┌──
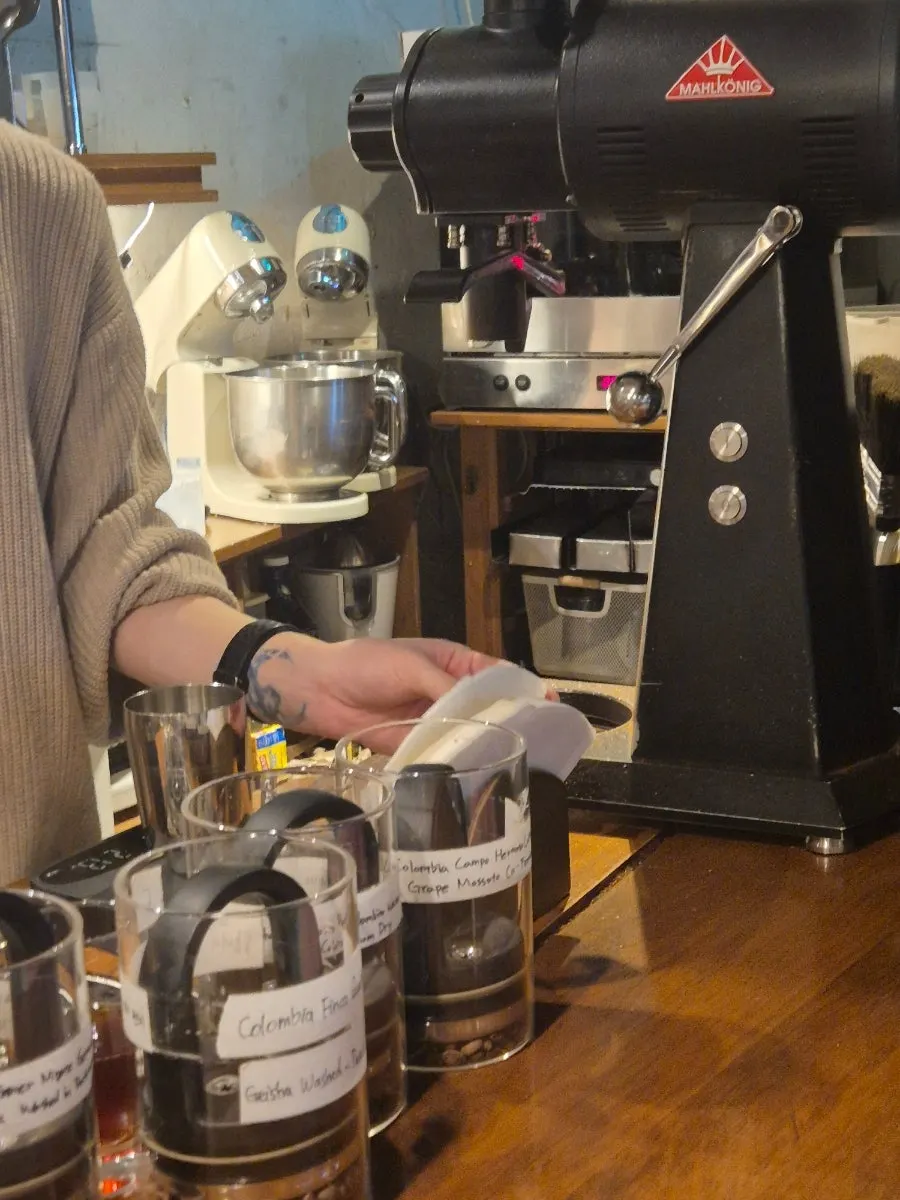 Pouring water over the dripper during hand-drip process
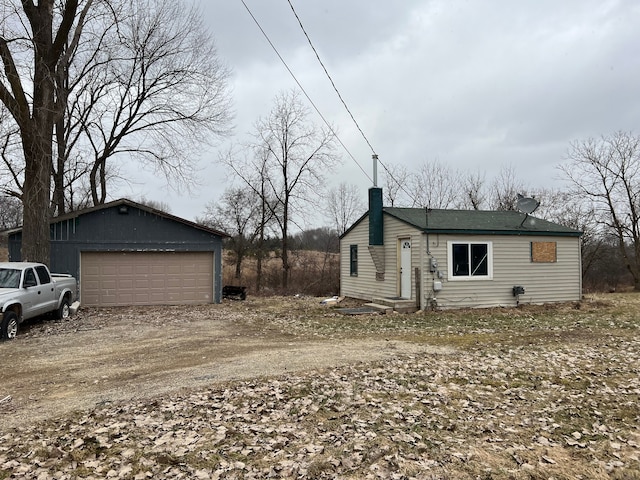 view of side of home with an outbuilding and a garage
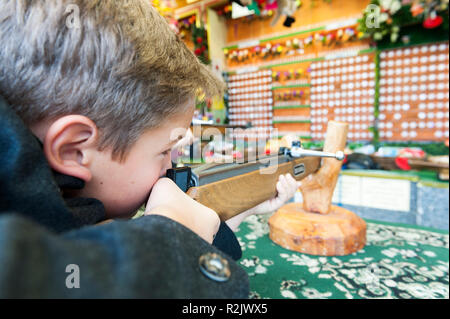 ten year old boy in traditional costume aiming with a rifle at a target, Munich, Oktoberfest Stock Photo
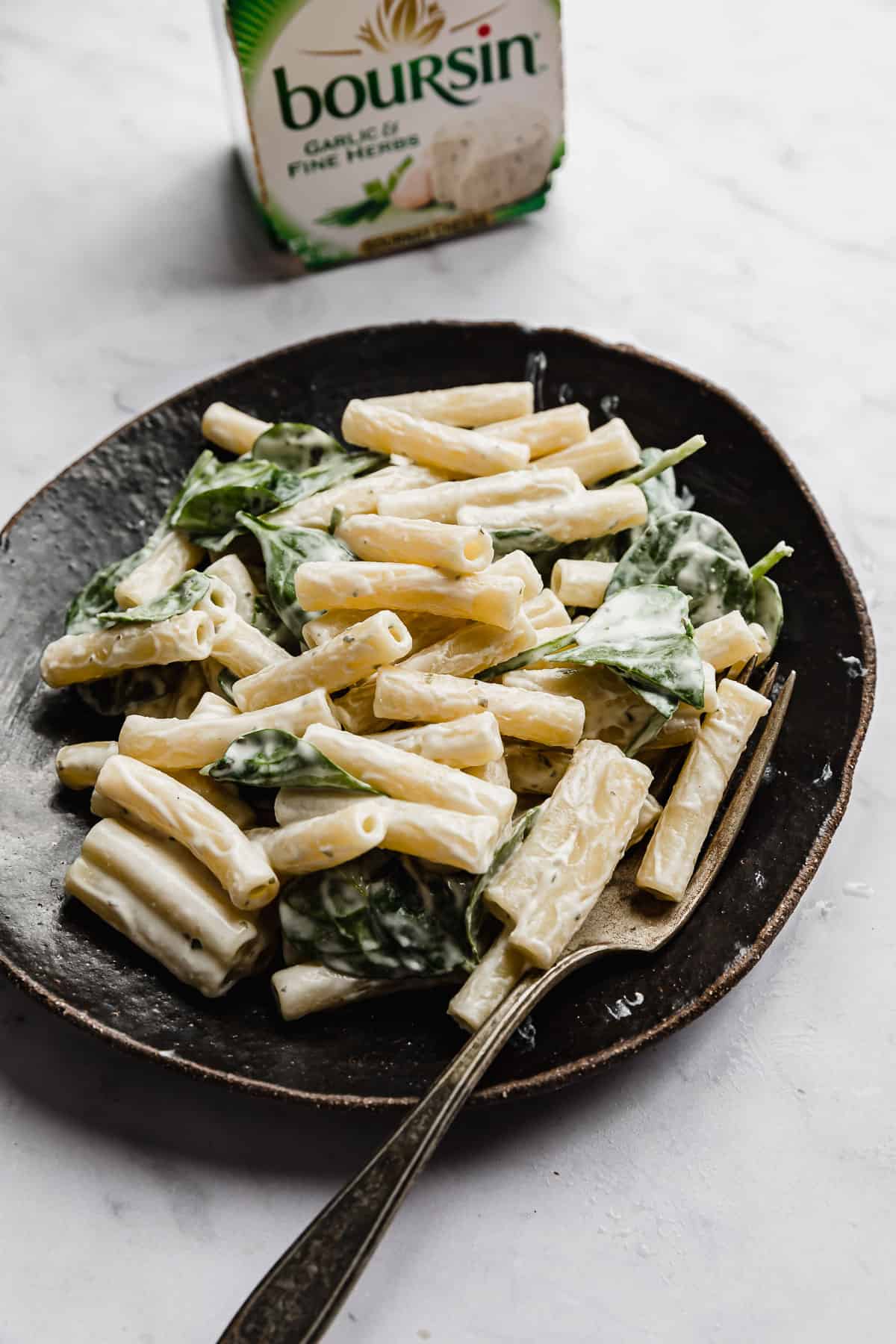 Boursin Pasta with chopped spinach on a black plate with a Boursin white and green cheese box in the background.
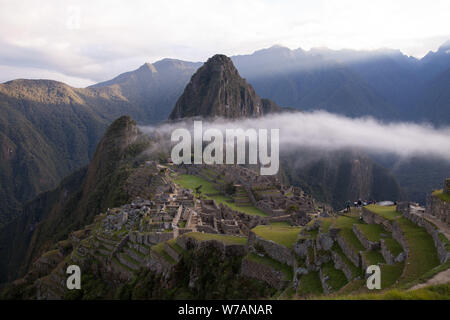 cloud around Machu Picchu in early morning hours Stock Photo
└──
▶ TO DO:
The material must be returned exactly, with its pictures omitted.

▶ PROBLEM SOLUTION:
 Pouring water over the dripper during hand-drip process
 view of side of home with an outbuilding and a garage
 ten year old boy in traditional costume aiming with a rifle at a target, Munich, Oktoberfest Stock Photo
 Boursin Pasta with chopped spinach on a black plate with a Boursin white and green cheese box in the background.
 cloud around Machu Picchu in early morning hours Stock Photo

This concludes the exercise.